In April of this year, the U.S. Department of Labor (DOL) published new guidance and best practices to reduce retirement plan cybersecurity risks. While directed at retirement plans and plan sponsors regulated by ERISA, the guidelines and practices are valuable for all retirement plan sponsors and plan participants.

Retirement plans are attractive targets for cybercriminals due to the amount of assets and data held in retirement plans. It is not only important to have measures to prevent data breaches and fraudulent distributions, but to have a plan in place to respond to such incidents.

The DOL’s guidance and best practices focus on three areas: best practices for plan sponsors and plan service providers, online security tips for plan participants, and tips for hiring service providers.
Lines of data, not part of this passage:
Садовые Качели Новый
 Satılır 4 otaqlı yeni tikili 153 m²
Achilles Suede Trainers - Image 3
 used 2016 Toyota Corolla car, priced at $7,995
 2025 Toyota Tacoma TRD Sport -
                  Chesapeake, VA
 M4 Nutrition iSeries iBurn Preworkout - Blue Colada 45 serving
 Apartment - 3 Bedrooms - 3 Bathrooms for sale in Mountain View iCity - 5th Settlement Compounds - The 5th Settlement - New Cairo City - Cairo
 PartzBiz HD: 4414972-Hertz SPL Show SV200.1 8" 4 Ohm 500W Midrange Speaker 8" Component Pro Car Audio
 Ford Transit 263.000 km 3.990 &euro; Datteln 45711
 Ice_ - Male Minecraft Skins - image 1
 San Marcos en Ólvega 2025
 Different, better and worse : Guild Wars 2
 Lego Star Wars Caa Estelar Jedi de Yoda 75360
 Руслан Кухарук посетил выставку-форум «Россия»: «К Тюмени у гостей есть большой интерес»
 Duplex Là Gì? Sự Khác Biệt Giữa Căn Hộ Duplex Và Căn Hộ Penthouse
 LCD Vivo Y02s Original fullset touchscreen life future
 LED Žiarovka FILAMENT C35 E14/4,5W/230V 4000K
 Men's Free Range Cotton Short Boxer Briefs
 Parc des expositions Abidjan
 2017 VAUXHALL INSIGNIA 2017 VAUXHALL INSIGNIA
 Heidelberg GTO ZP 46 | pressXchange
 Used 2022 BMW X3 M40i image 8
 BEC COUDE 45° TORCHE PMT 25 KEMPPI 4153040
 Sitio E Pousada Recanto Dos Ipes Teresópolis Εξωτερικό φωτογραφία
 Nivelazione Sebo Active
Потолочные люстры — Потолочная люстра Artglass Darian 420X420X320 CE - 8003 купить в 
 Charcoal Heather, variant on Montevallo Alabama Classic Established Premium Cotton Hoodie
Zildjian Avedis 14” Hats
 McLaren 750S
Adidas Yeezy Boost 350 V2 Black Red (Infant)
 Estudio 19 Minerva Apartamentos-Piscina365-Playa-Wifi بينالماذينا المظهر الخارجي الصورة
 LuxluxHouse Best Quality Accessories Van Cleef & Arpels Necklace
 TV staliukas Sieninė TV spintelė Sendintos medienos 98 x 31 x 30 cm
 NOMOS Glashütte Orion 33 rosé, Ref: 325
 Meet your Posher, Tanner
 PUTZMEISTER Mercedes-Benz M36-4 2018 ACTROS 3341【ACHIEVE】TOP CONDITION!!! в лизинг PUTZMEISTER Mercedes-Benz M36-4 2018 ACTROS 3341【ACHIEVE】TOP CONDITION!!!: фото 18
Cybersecurity Program Best Practices

The DOL’s Cybersecurity Program Best Practices, describe the best practices for retirement plans and retirement plan service providers. The best practices apply to plan sponsors and the plan vendors the sponsors select. These best practices include:

  1. Have a formal, well documented cybersecurity program.
  2. Conduct prudent annual risk assessments.
  3. Have a reliable annual third party audit of security controls.
  4. Clearly define and assign information security roles and responsibilities.
  5. Have strong access control procedures.
  6. Ensure that any assets or data stored in a cloud or managed by a third party service provider are subject to appropriate security reviews and independent security assessments.
  7. Conduct periodic cybersecurity awareness training.
  8. Implement and manage a secure system development life cycle (SDLC) program.
  9. Have an effective business resiliency program addressing business continuity, disaster recovery, and incident response.
  10. Encrypt sensitive data, stored and in transit.
  11. Implement strong technical controls in accordance with best security practices.
  12. Appropriately respond to any past cybersecurity incidents.

Online Security Tips

The DOL’s Online Security Tips provide practical advice to plan participants to reduce the risk of fraud. Many of these tips are common and well-known; however, it is always helpful to remind and encourage plan participants to follow these guidelines to keep their information and their retirement savings safe. Plan sponsors and plan providers may consider including these tips as part of ongoing communications and training for plan participants.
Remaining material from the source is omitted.